This post covers some of the observations I’ve had around data infrastructure and the 4 themes that I’m continuing to explore.
2020 was a big year for data infrastructure. Snowflake rocked our world, suddenly growing from a $12B valuation in February to $80B in the public markets only months later. The growth and scale of the business validated the underestimated significance of data infrastructure in today’s world. Following its success, we are already seeing other companies command significant step-up valuations (Databricks just raised at $28B). While large names like Snowflake and Databricks command headlines, there's also a variety of reasons to be excited about data infrastructure at the early stage. In this post, I cover a few topics around investing across the data landscape:
Rise of the Data Company
Changes in Distribution
Data Warehouse vs Data Lakes
Data Investment Themes
Rise of the Data Company
One of the reasons I'm most excited about companies building in and around data is that I think we're seeing a powerful flywheel begin to run which will ultimately expand the market for data tooling:
more data: the long-running secular trend is that storage has become cheaper so we can digitize more information and processes
more data talent: we are now seeing more talent flowing towards growing areas like data science, data engineering, analytics allowing for more companies to build around the data they've collected
more data companies: with this data and data talent, even the average business is able to start leveraging data for business-critical applications rather than ad hoc analytics
It used to be that only the Ubers of the world were leveraging data to drive product differentiation, but that has changed as talent has become more accessible. As a result, we're now seeing traditionally offline businesses slowly become data companies.
I believe this self-reinforcing loop will continue to drive more investment into proper data tooling very similarly to how the past decade has resulted in an explosion of developer tool spend. With the context set on why I am excited about the market as a whole, I want to highlight what’s changing in how data infrastructure companies are going to market.
Changes in Distribution
On the distribution side of the equation, a couple interesting things have happened:
1/ open source enabling bottoms-up adoption
At this point, open source is well into the mainstream, with 77% of enterprises expect to increase their open source usage in the coming years. Many of these projects still originate inside large high-tech companies, but everyone from startups to established incumbents are leveraging open source today.
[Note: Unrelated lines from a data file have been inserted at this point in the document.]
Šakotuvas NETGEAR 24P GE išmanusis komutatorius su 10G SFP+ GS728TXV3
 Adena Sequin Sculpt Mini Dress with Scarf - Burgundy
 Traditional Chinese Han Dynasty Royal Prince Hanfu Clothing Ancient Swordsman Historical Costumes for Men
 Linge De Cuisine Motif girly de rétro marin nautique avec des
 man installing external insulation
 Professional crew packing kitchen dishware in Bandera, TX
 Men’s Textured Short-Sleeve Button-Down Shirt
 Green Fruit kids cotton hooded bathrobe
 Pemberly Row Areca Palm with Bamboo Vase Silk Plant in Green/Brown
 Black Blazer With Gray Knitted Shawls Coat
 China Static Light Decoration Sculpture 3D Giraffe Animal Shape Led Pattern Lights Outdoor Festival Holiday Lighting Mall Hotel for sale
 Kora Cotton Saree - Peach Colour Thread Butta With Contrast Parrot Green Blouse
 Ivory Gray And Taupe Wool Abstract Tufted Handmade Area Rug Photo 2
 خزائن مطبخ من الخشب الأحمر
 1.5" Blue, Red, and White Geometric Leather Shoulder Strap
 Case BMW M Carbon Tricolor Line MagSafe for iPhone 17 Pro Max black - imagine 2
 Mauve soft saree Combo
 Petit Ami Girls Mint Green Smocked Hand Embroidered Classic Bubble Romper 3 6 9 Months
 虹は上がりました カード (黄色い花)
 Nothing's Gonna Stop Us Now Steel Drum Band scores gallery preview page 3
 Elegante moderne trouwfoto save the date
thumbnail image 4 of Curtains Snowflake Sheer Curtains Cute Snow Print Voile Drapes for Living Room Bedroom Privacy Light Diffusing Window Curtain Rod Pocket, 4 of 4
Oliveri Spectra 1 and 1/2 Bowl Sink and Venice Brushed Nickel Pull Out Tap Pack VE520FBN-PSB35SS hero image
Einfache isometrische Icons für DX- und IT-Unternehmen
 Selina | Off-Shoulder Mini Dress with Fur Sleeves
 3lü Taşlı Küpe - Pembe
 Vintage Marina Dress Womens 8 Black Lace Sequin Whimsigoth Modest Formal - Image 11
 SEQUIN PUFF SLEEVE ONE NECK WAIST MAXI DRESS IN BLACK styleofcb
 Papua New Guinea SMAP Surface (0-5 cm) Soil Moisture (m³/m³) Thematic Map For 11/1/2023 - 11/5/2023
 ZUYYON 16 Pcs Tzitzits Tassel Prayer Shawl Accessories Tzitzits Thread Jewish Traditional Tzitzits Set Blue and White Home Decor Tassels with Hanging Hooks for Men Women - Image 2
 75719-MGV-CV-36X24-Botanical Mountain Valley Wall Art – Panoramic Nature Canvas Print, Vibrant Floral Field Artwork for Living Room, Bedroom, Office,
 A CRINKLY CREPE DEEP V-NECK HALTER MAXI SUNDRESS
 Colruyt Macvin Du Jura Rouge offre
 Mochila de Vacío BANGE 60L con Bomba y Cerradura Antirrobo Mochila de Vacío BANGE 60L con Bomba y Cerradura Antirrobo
While open source is not specific to any one domain, it is particularly compelling in the context of data infrastructure. Open source removes the friction of trying new software, shifting more decision-making power into the hands of users rather than managers. It allows data engineers, software developers, etc to solve problems with whatever tool fits the job rather than relying on managers to proactively purchase the right tools. While this comes with its unique set of challenges around monetization, it unlocks a community-led growth model which can be extremely powerful.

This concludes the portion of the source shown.